A lot of things feed into this - how you slept the previous night, whether your last couple of meals are agreeing with you, if you’re under the weather at all, and what sorts of phone calls, mail, or other human interactions you fielded before firing up your reading station.

If you work in a conventional brick-and-mortar job, you’ve got other potential factors: The quality of your commute and parking, how many issues were waiting for you when you arrived (whether verbally delivered by office staff or unceremoniously piled on your desk), etc. On the other hand, these daily routines can serve as an almost ritualistic series of events which get you “in the zone” so you’re tuned in to reading studies as opposed, say, to thinking about your plans for the upcoming weekend.

If, like me, you’ve switched to teleradiology and are working from a home office, there’s less of a routine to transition you into productivity mode; you just hit a button, and the caseload is ready to go. This is generally regarded as one of the strengths of a telerad position. Mentally, however, you might not be set to hit the ground running.

For instance, if you were just watching something on TV and had to pause because it was time to start working, you might be looking at CTs but thinking of whatever entertainment got truncated. Same thing if you were reading a good book or having a nice catching-up phone chat with a friend or relative.
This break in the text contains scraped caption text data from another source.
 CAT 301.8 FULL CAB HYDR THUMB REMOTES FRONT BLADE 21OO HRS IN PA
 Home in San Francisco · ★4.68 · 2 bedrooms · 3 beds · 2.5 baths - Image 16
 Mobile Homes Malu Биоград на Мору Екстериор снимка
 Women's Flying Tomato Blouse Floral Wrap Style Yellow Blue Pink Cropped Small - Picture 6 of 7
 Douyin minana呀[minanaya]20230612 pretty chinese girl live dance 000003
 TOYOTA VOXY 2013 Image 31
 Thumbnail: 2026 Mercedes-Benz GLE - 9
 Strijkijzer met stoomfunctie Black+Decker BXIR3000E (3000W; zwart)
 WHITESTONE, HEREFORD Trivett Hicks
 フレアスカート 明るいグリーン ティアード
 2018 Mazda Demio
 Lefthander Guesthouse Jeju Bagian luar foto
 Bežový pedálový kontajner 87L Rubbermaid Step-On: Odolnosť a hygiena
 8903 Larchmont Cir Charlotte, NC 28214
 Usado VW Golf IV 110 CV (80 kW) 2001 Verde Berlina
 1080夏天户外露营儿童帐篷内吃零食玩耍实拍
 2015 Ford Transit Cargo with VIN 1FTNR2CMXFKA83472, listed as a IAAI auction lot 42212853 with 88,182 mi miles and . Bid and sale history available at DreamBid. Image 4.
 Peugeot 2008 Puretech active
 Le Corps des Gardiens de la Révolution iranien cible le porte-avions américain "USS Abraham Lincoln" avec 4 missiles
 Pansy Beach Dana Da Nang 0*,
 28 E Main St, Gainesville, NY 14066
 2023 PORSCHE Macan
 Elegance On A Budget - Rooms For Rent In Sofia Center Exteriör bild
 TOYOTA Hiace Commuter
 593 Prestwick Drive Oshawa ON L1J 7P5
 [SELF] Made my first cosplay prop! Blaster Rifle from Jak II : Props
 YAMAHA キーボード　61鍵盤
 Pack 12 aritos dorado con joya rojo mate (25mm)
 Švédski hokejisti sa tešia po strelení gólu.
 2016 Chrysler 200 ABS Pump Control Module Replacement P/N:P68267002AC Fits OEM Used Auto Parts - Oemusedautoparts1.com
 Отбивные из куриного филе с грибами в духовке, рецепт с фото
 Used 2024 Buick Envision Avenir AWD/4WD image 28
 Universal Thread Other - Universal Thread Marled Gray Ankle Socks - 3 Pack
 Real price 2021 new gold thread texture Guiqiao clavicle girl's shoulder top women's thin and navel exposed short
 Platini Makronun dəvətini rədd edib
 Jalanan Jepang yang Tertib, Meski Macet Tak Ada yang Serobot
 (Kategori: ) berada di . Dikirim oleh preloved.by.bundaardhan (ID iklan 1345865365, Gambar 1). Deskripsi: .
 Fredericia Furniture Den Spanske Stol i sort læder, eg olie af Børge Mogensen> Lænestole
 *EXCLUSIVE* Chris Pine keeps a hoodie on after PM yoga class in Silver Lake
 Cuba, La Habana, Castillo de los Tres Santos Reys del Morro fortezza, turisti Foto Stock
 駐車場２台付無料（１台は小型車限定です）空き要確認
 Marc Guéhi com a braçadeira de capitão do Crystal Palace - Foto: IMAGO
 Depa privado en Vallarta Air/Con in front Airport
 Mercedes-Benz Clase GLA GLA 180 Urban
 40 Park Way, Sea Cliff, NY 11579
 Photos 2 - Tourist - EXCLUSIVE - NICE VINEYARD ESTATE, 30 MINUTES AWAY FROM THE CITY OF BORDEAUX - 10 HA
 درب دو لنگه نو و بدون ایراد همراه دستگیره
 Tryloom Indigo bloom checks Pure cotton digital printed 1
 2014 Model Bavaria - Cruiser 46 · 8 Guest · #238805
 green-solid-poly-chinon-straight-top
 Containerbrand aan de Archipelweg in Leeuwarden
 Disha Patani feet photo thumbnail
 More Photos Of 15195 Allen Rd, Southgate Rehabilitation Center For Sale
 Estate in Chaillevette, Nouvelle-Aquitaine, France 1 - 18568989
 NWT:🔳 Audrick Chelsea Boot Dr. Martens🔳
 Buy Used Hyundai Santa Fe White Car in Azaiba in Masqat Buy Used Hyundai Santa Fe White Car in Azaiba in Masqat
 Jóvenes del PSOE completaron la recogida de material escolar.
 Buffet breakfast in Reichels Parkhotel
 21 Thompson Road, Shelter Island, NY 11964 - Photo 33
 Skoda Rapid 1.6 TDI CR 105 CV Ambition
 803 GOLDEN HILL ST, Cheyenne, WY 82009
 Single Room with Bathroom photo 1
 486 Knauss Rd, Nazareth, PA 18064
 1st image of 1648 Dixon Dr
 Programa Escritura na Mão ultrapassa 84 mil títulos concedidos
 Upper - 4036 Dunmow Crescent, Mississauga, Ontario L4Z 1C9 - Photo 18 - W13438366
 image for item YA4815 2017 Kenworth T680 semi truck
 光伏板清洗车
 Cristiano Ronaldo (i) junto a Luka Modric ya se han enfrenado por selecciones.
If you hastily scarfed down some food just before logging in, you might be in a postprandial daze.

Starting your daily work with a sense of being in mental slow motion might not bother you. Maybe the dynamics of your job don’t place much value on productivity (or you don’t mind getting behind the eight ball and routinely struggling to catch up during subsequent hours). Or you don’t personally care so much about your bottom line, and are willing to produce/earn less during the early part of your shift. I tend to get a little vexed when my first hour is gone and I have fallen behind the pace I like to maintain.

Slowly but surely, I’ve developed a little getting-in-gear routine that takes place over the course of the hour preceding my work. It’s not worth going into detail over it, because what works for me surely won’t apply to everyone. A fresh brew of coffee is involved, coupled with whatever minor tasks I have around the house that can get done in a matter of minutes - paying bills, taking out the trash, etc. I suppose such quickly dispatched chores get me in the proper frame of mind. I go from checking off my domestic deeds to signing off cases.

Not all that long ago, I heard about a professional writer (famous or not, I can’t recall) who does something similar. Even though his work is even less structured than ours - he can write whenever he chooses, as his publishers aren’t awaiting his output quite as eagerly as the ERs are for ours - he formally gets ready for work each day. Sets his alarm, has his breakfast, and actually dresses in a shirt and tie before sitting at his computer to begin the day’s typing. A perfect example of how individualized this prepping process can be: For me, the day I stopped having to wear a tie while working was one of the best of my career.